When I saw this picture it reminded me of the time he pulled a hip-locked calf and the heifer’s uterus followed the calf out into a mud puddle. Flickenger meticulously washed that uterus and pushed it back into the cow (now a cow). It weighed about a hundred pounds and the intricate nature of the thing made the cleaning process excruciating. I doubt he did it for the money. He did it for the same reason Ed Snowden exposed our fascist dictatorship for what it is, because it was the right thing to do.

An article in a farm magazine stated Iowa State recommends that any heifer that prolapses should be euthanized. This should indicate what public education is worth. It is worth doubting. That heifer was put in the fat lot. And later, after feeding her along with the other cattle, she was sold at the Waverly Sale. Her group of five brought top dollar out of 600 other heifers.

Our kids were encouraged to join 4-H  but we told them they should stay home and learn to raise livestock to suit the market, not judges from the university. The market knows best.

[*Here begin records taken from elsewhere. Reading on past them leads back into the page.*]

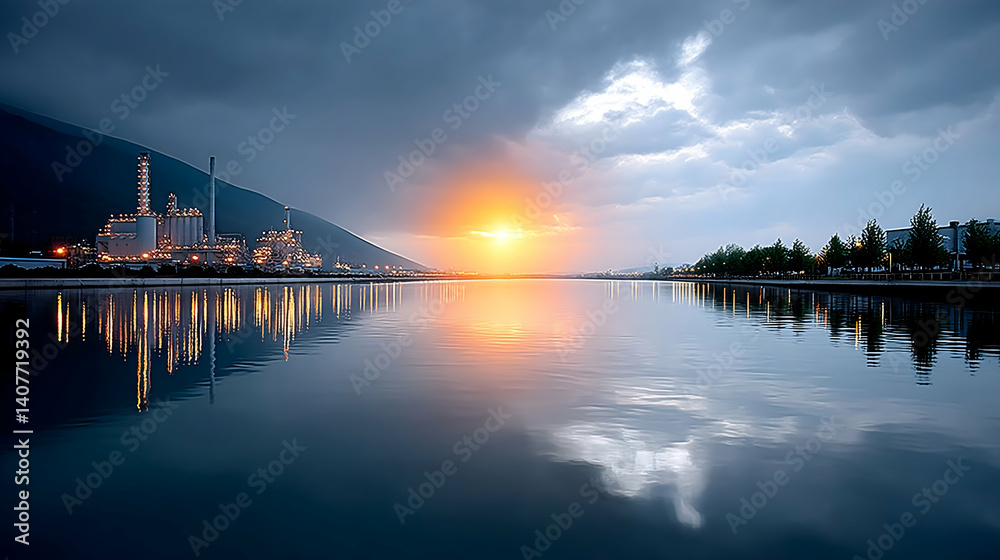 Industrial plant reflected in calm water at sunset Industrial plant reflected in calm water at sunset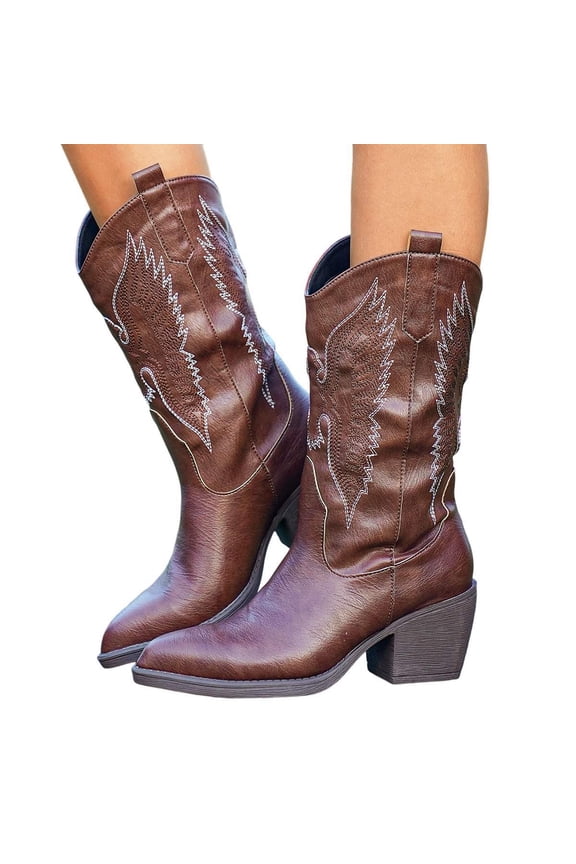 Cowboy Boots For Women - Western Mid-Calf Cowgirl Boots - Wide Calf Pointed Toe Embroidered Fashion Western Chunky Pull On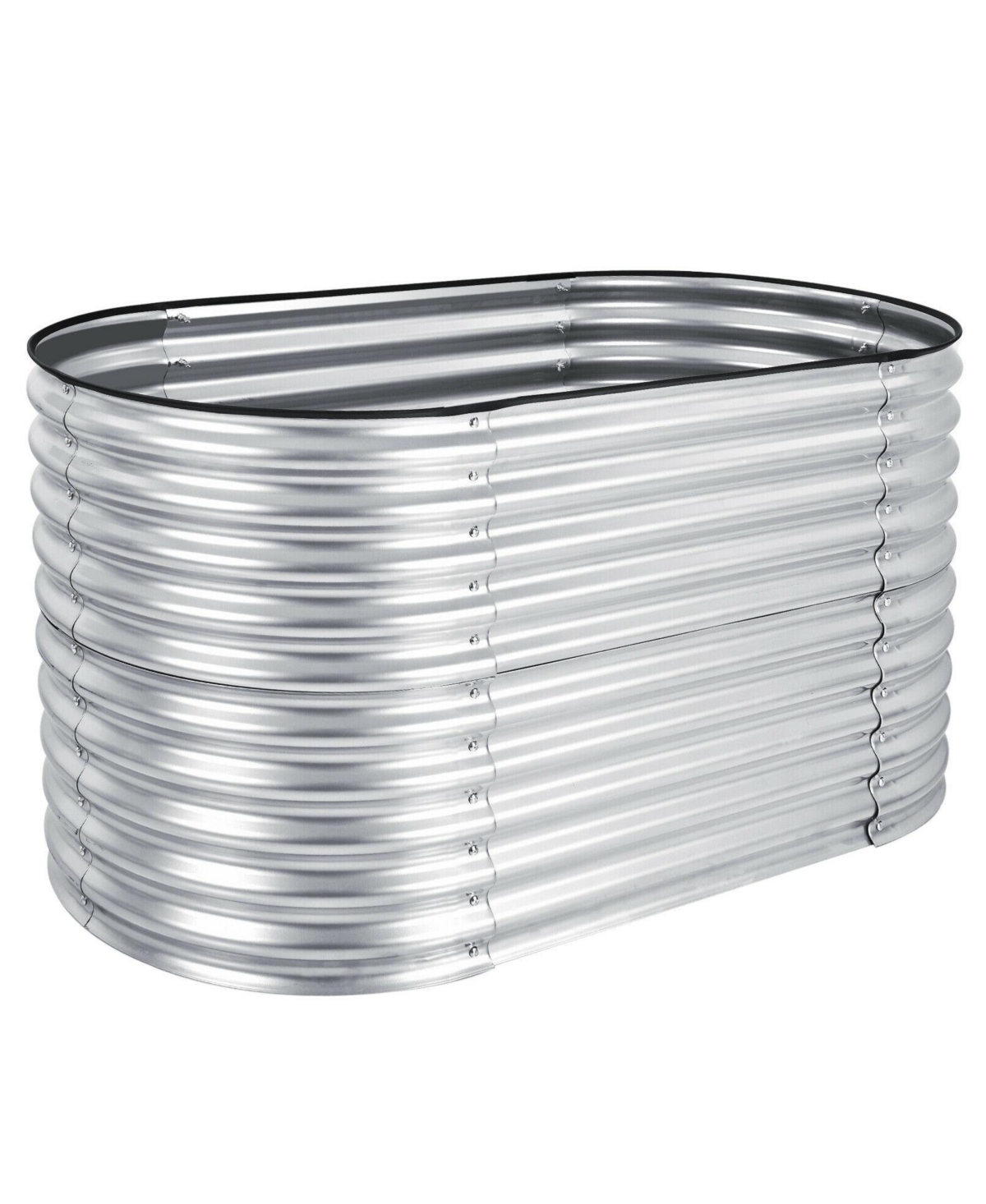 Raised Garden Bed with Open Base for Growing Vegetables - Silver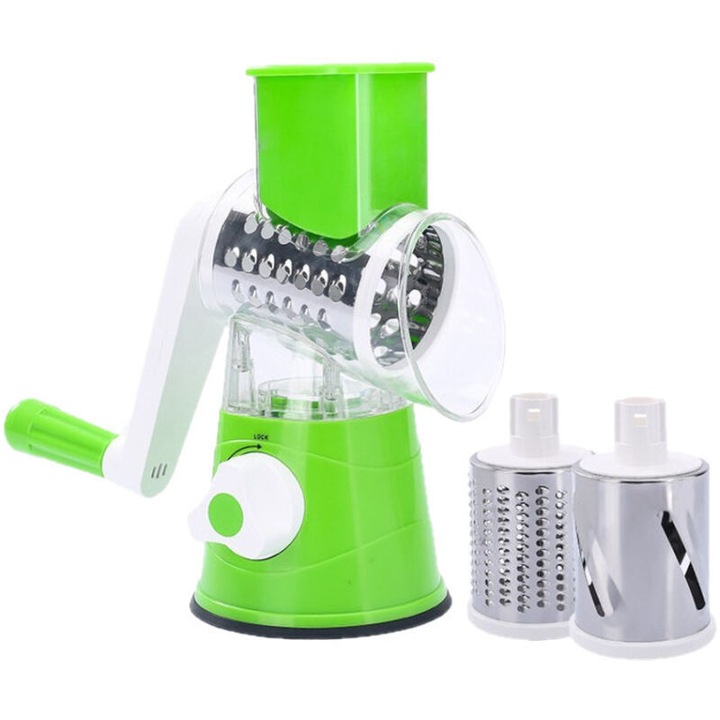 Razatoare rotativa manuala pentru legume (mandolina) 3 in 1, 3 lame din otel inoxidabil interschimbabile, fara BPA, ventuza de fixare stabila, lavabila in masina de spalat, verde, 1 buc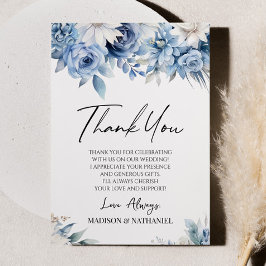 Tarjeta De Agradecimiento Dusty Blue Floral Flowers Garden
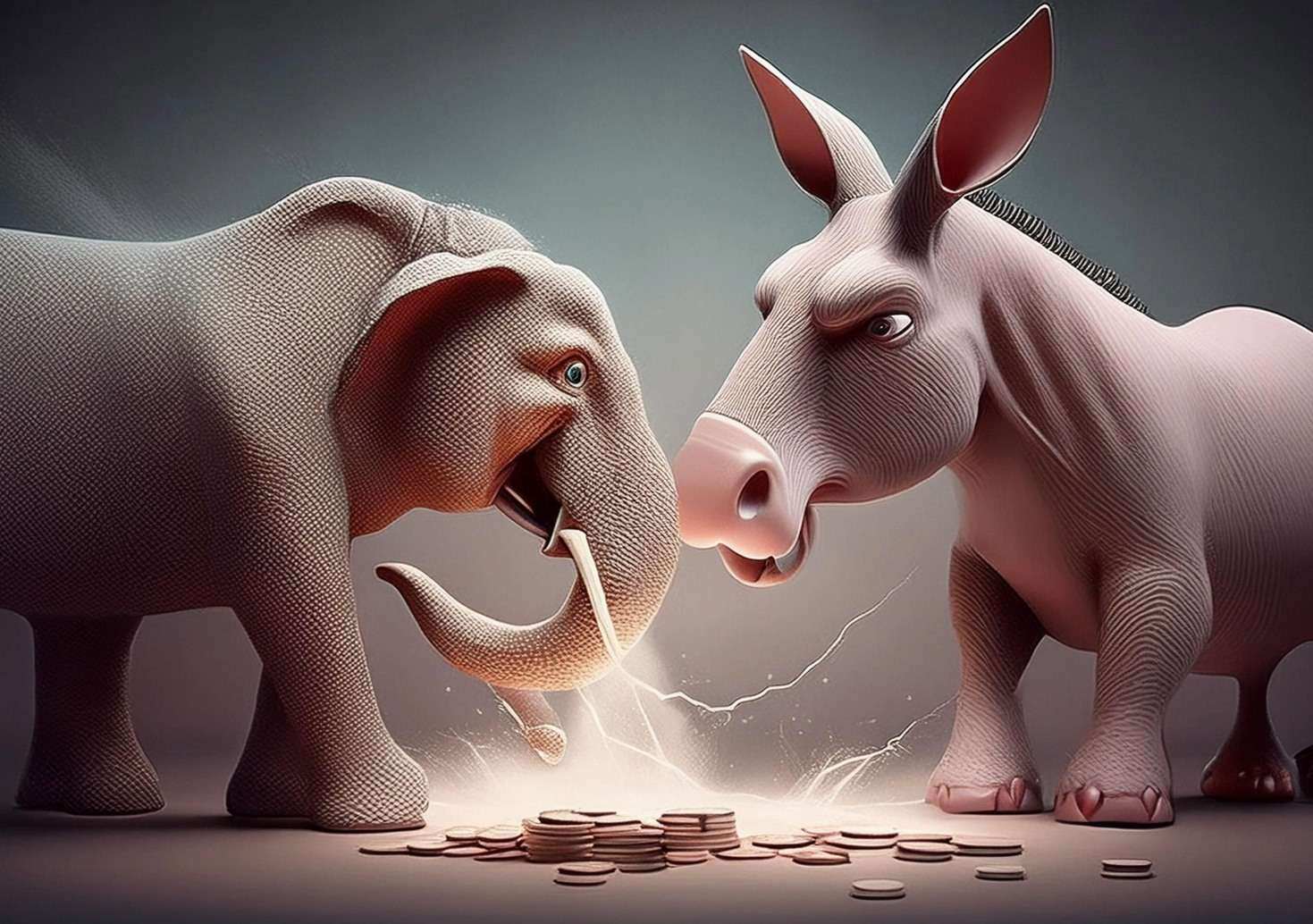 Elephant and Donkey arguing over money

The World is Full of Decent People

I was at a stopping place and decided to go over and see what Gardiner was doing. I would have called but we couldn’t afford phones. In fact a pound of hamburger was beyond reach much of the time. Beans and rice contain all essential amino acids. A living wage in 1970 meant we were alive. It allowed us to appreciate the finer things like Ladybug Lane. Ladybug Lane was a place in the Oakland Hills that attracted ladybugs until it turned the landscape red. Maybe there were a lot of aphids there.

Bob was home and painting, as usual. We were a little like Van Gogh and Gauguin, a couple of impoverished painters. He said a couple of friends were coming down from Eugene and they were going over to The City for Chinese food, “Wanna come?” I fished through my pockets as if I didn’t know how much money I had. “Might work,” I said.

Pretty soon the Oregon guys showed up. We put all our money together and decided it was enough, so off we went. They had a car. We found a parking spot a few blocks from Chinatown. A cable car was approaching and I was the last one out of the car and missed the cable car. If I was in Hampton I would have gone to the Chinese restaurant and found my friends but finding someone in an undesignated Chinese place in San Francisco is like shrinking government.

I wandered around North Beach and Chinatown enjoying the sights, penniless, until I ran into Tom Moy, who I had known in Santa Monica years ago. Tom was a good friend at Samohi before we moved away. He and his girlfriend were on their way to get ice cream and they bought me a hot fudge sundae. Talk about being poverty stricken and enjoying the little things!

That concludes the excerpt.